Graves left McCarthy's office Friday afternoon telling reporters "we're still not there" on a debt limit deal, though he said a deal over the weekend remains "possible."

Chief among the hang-ups that Graves outlined are work requirements for some federal programs. Republicans have repeatedly insisted that any deal include work requirements for able-bodied individuals ages 18 to 55 with no dependents.

"Democrats right now are willing to default on the debt so they can continue making welfare payments for people who are refusing to work," Graves said. "I mean if you're really going to fall on the sword for that versus actually negotiating something that changes the trajectory of the country for spending, I mean that is crazy to me that we are even having that debate."

MORE: 'Work requirements' emerge as flashpoint in debt ceiling, spending talks

Asked if Republicans might consider removing work requirements: "Hell no. Hell no," Graves said. "Not a chance."
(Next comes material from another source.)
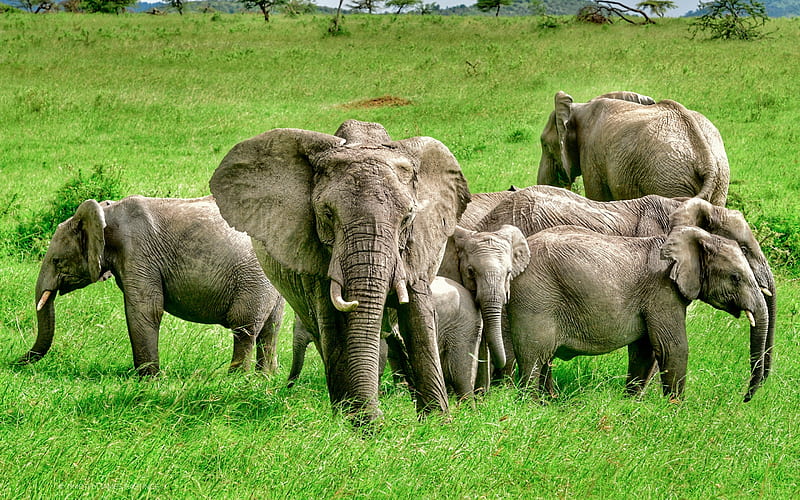 Elephants, family, Africa, a herd of elephants, green grass, field, wildlife, HD wallpaper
The parties are "still talking" about permitting reform as well, he said.

Graves described Friday morning's discussions with White House negotiators as "candid."

"There is no question there are outstanding issues we are not there, but I think we really identified where the biggest differences are," Graves said. "We have made progress. I said 2 days ago we had some progress that was made on some key issues, but I want to be clear we continue to have major issues that we have not bridged the gap on yet."